The previous chapter was used to show what means orators employed in constructing their oratory, and this chapter will be devoted to showing students how to adopt and use those means. It would be of little use to tell students of oratory how others made their effects unless they are shown how they can produce equal results; therefore this chapter will be a chapter of hows. It will consider the proper arrangement of all the forms of creating and delivering the oratorical message, and deal at length with the conveying of the thought by means of the putting together of words and interpreting it through an understanding and an application of inflection and emphasis. It has been shown that oratory, through all its existence, has been created by means of the effective use of negative and positive words, phrases, and sentences; correct application of apposition and opposition; proper grouping of words and phrases in the form of series; the driving home and clinching of points; and many other ways of conveying thought by means of speech, and that these means have been passed from Gorgias to Isaeus, from Isaeus to Demosthenes, from Demosthenes to Cicero, and from these masters of old transmitted to Webster, Clay, Lincoln, Roosevelt, Bryan, Watterson, and the other able and careful public speakers of our day. Not only will the arrangement of words be thoroughly considered, but their utterance will receive much attention, the aim of the author being to show how, by the inflection, emphasis, and tone of the living voice, thought can be interpreted, and an impression made by the speaker on the minds and actions of others by means of the spoken word. Attention will also be given to getting the mentality into the voice, making the soul of the speaker shine through the medium that is to make the thought apparent to the listener.

inflection

What is inflection? Inflection is a bending of the voice.
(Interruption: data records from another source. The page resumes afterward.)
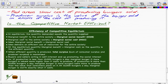Now, marginal benefit to the entire society is our marginal social benefit. Marginal cost to the entire society is our marginal social cost — MSB and MSC. The idea is that marginal social benefit is equal to marginal social cost, and this delivers an efficient use of resources for the entire society.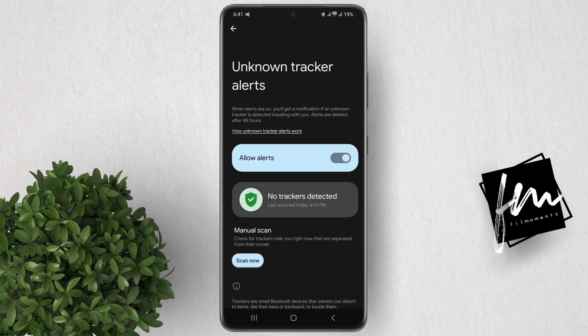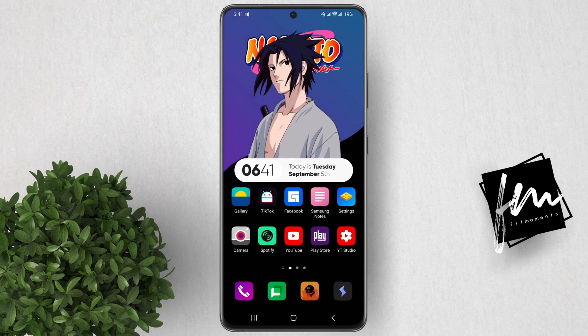What happens when an unknown tracker alert is triggered? You will receive a notification on your phone. The notification will include the name of the tracker if it is known, the last time the tracker was seen, and a map of where the tracker was seen. You can also tap on the notification to play a sound on the tracker, which can help you locate it.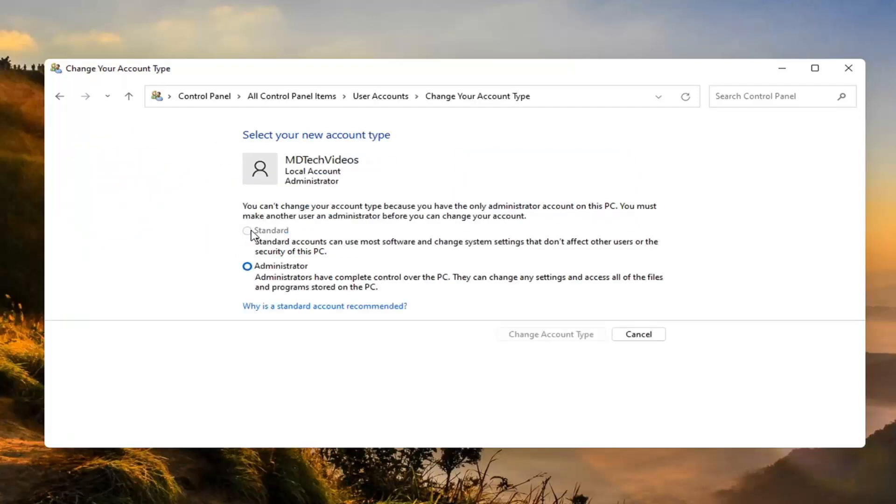So like I said, if you have more than one account then you'd have the option to change this one to a standard account. Standard accounts can use most software and change system settings that don't affect other users or the security of this PC.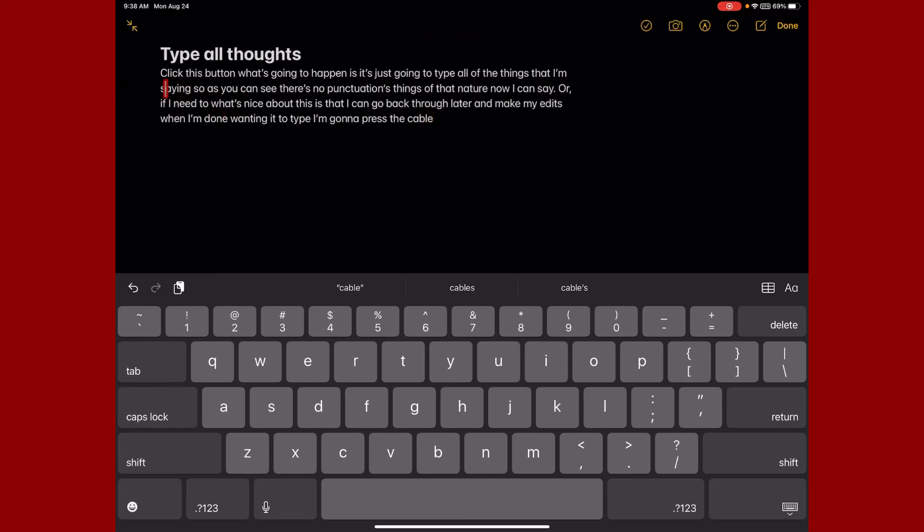All right, we hope this quick tip was helpful. If you have any questions, email help or check with your DLS.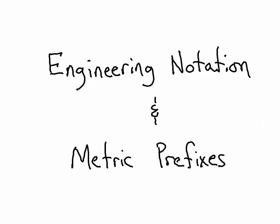That's how you use engineering notation and metric prefixes to make very large numbers or very small numbers simpler to understand.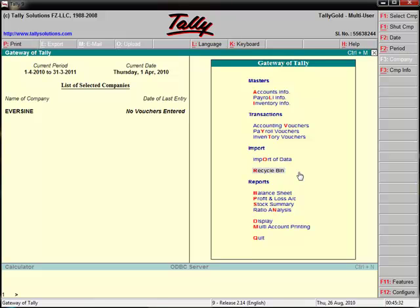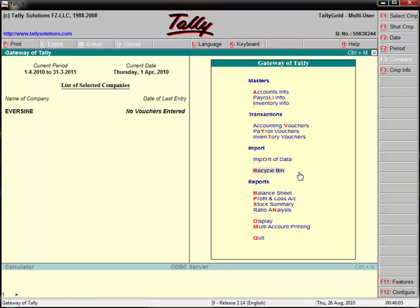So we all know what is the advantage of recycle bin and disadvantage of this recycle bin. So it depends on whether you use it or not. I think it is very useful because any data, any entry, maybe you want to delete at the moment but sometimes later you want to recover this entry. So just go to recycle bin and restore it. So it is very useful.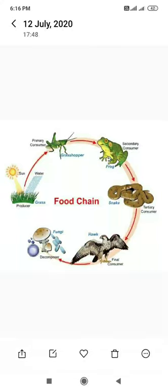Energy flow in an ecosystem, standard 9, lesson number 7. In this lesson we learn about food chain and food web.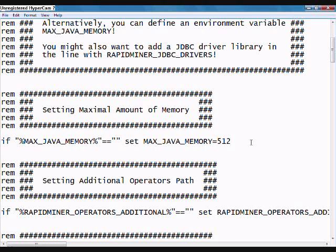As you can see right now, the default setting is 512, which is only about half a gig of memory. If you have a newer system with about six gigs, for example, you can allocate a lot more memory to RapidMiner so it can crunch data better and utilize your resources better. If you have a six gig machine, you could easily put 4084 in here, as long as you leave a gig and a half to two gigs for your operating system — you should be fine.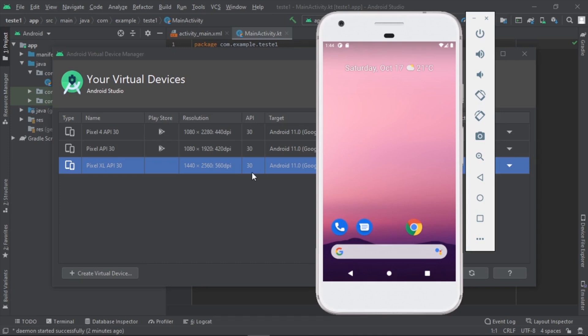Write in the comments if you are using Android Studio — what application are you developing, and where are you studying? Are you learning by yourself or in a school or university? Write in the comments the name of your school or university.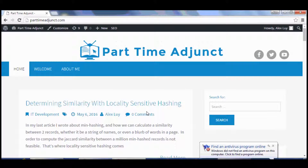Welcome to my course, and I will see you in the course introduction.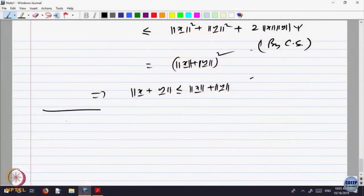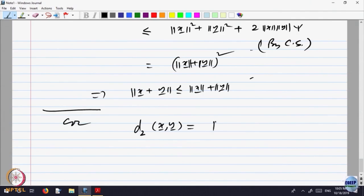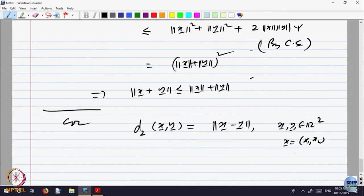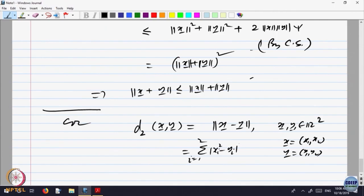This will give me a consequence of this corollary: if I write D2 of X, Y to be equal to the norm of X minus Y, with X, Y belonging to R². If X has components X1 and X2, and Y has components Y1 and Y2, then this is nothing but sigma of mod(Xi minus Yi) squared, i equal to 1 to 2. Xi minus Yi squared — that was the dot product.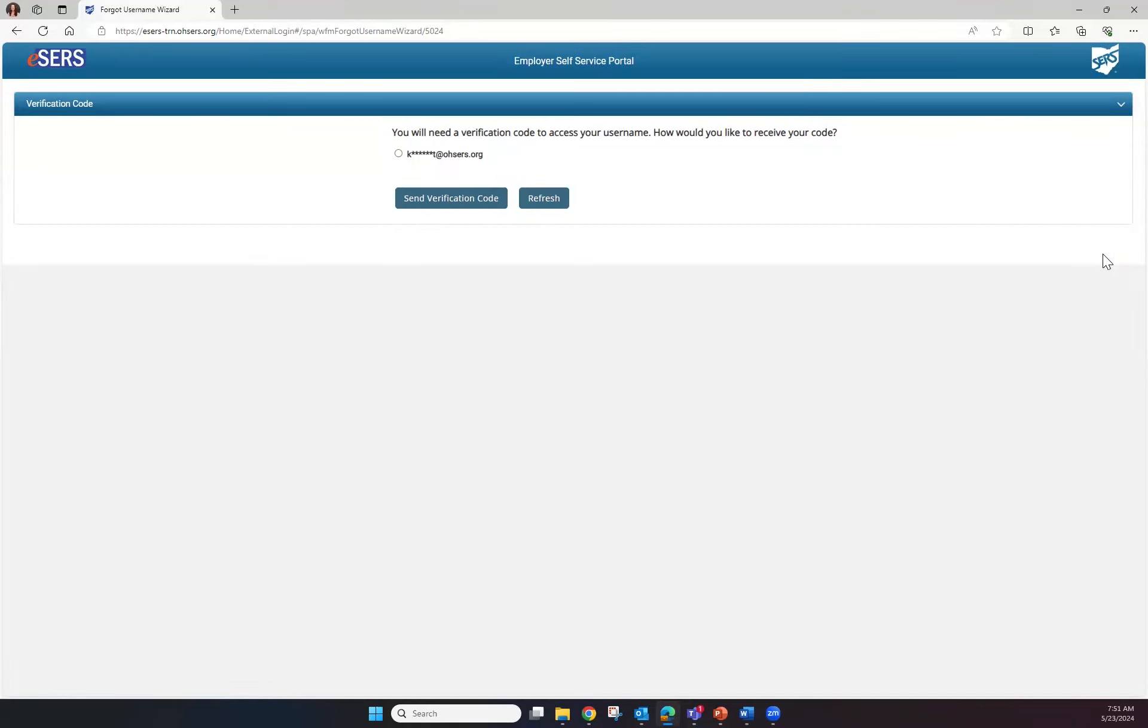You will need a verification code to access your username. You will have an option of email or a cell phone number. A cell phone number isn't listed in this screen because this user ID does not have a cell phone number listed in their contact screen.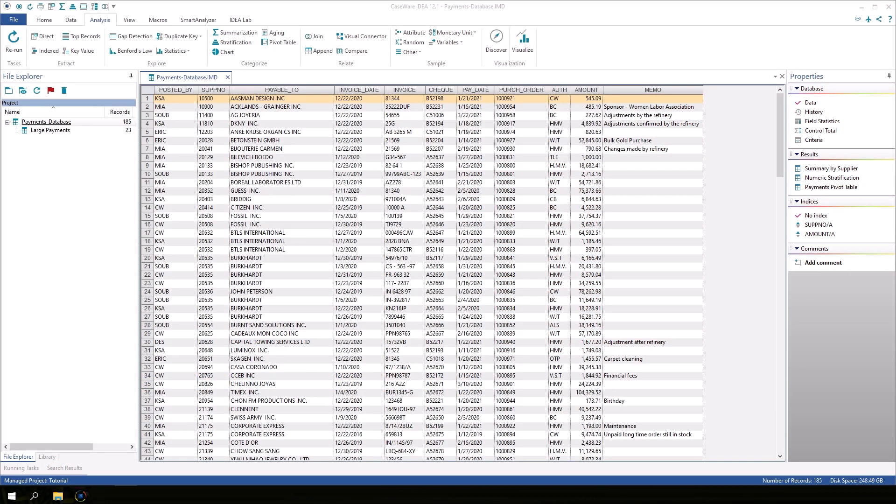In this section, we're going to look at how to generate a random sample from your data. Make sure the payments database is active.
How many inflections are there? Two. The rising and the falling.

What does the rising inflection signify? The rising inflection, in the main, signifies uncertainty. Whatever is uncertain, negative, qualified, conditional, incomplete, or continuous, requires the rising inflection; as,

Uncertainty. A government having at its command the armies, the fleets, and the revenues of Great Britain, might possibly hold Ireland by the sword. . . . But, to govern Great Britain by the sword—so wild a thought has never, I will venture to say, occurred to any public man of any party.

—Macaulay

In this example the first sentence is uncertain because Ireland might possibly be held by the sword, but it is not certain that it could be. The second sentence is assertive, and requires the falling inflection.

Negative. He have arbitrary power! My Lords, the East India Company have not arbitrary power to give him; the King has no arbitrary power to give him; your Lordships have not; nor the Commons; nor the whole legislature. We have no arbitrary power to give, because arbitrary power is a thing which neither any man can hold nor any man can give.